Which environmental issues are most important to you?
I guess the most important issues for me at the moment are to stop Coal Seam Gas exploration. I live in such a beautiful pristine part of the world, and even in Australia the area I call home is quite unique. They have tried to start Coal Seam Gas exploration here and were met with blockades and resistance that was so powerful, they gave up. It brought all types of people together from old farmers to hippies and professional protesters. It was quite amazing to see all these disparate folk come together for a united cause. It was a bit David and Goliath and it was beautiful to see the tail end of those people. Greed blows my mind, but it’s our consumerism that drives the machine. I suppose if we could all live a little more simple and a little more green we would start seeing a difference. I’m so surprised that Australia is still looking at coal for energy and not harnessing the sun. We have lots of empty space and more sunshine than most places. It seems obvious and simple but it is sure slow progress.

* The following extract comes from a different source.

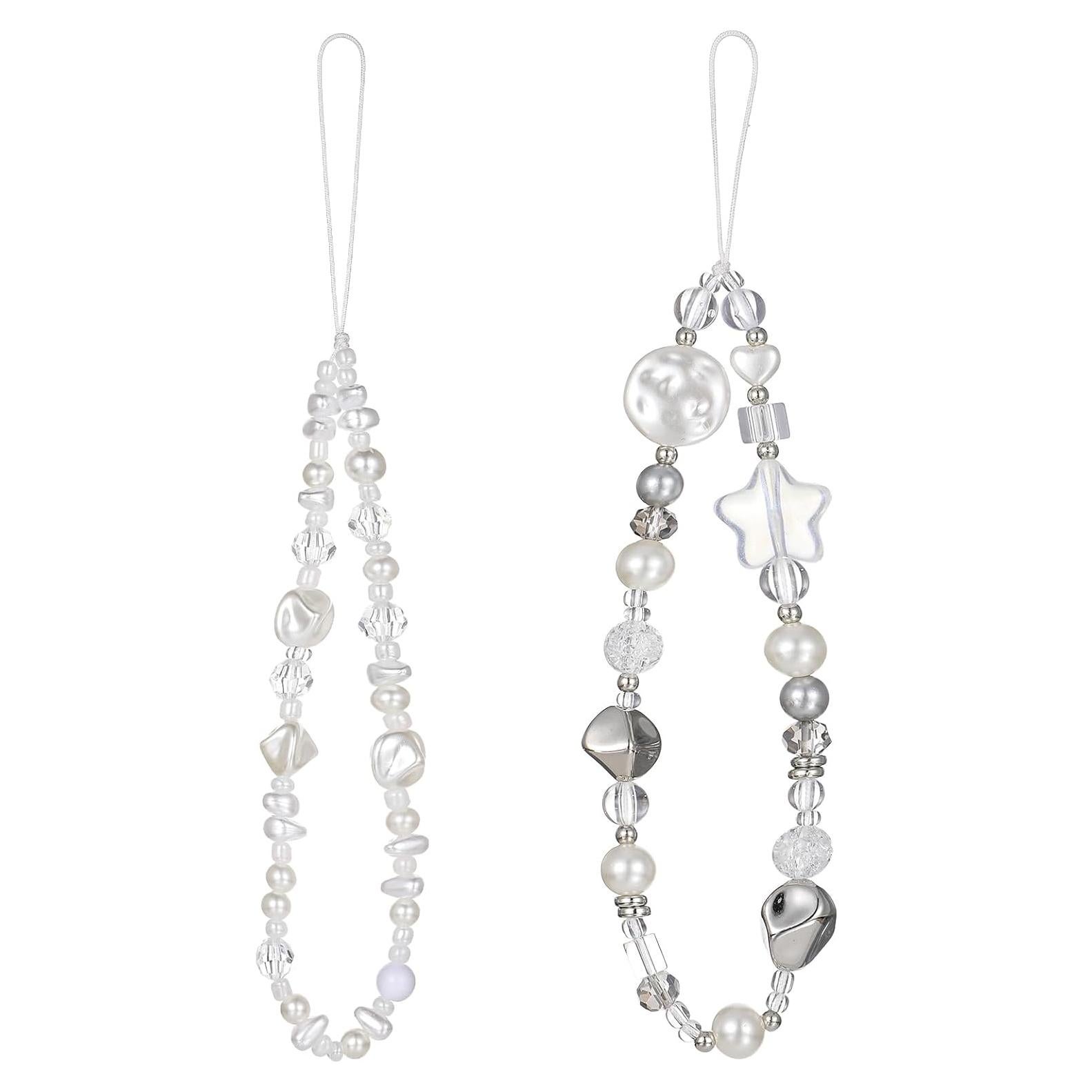 Pulsera de Muñeca con Cuentas para Teléfono 2 Pcs - Blanco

What’s the main thing you think we all need to do to ensure a better future?
I think the biggest thing is we could continue to think. I think the world is changing for the better. Things have certainly changed from when I was a kid where people had to be encouraged to throw their garbage in the bin and instead of out of the car window on a road trip! Now recycling is a norm, I can’t imagine anyone purposefully littering, and we think about what goes into our earth and our bodies.
I do think we should start considering our throw away society that is very consumer based. I love the idea of people buying bespoke items rather than stuff that can be chucked out when we are “over” it. Whether it’s a classic pair of jeans, a gorgeous piece of furniture or one of a kind art, I think people should go for quality and something they will cherish rather than something cheap and mass produced. We are so lucky to live where we do and in the time that we do. We want to make sure the next generations enjoy the same beauty. This sentiment hasn’t changed for generations, I’m sure!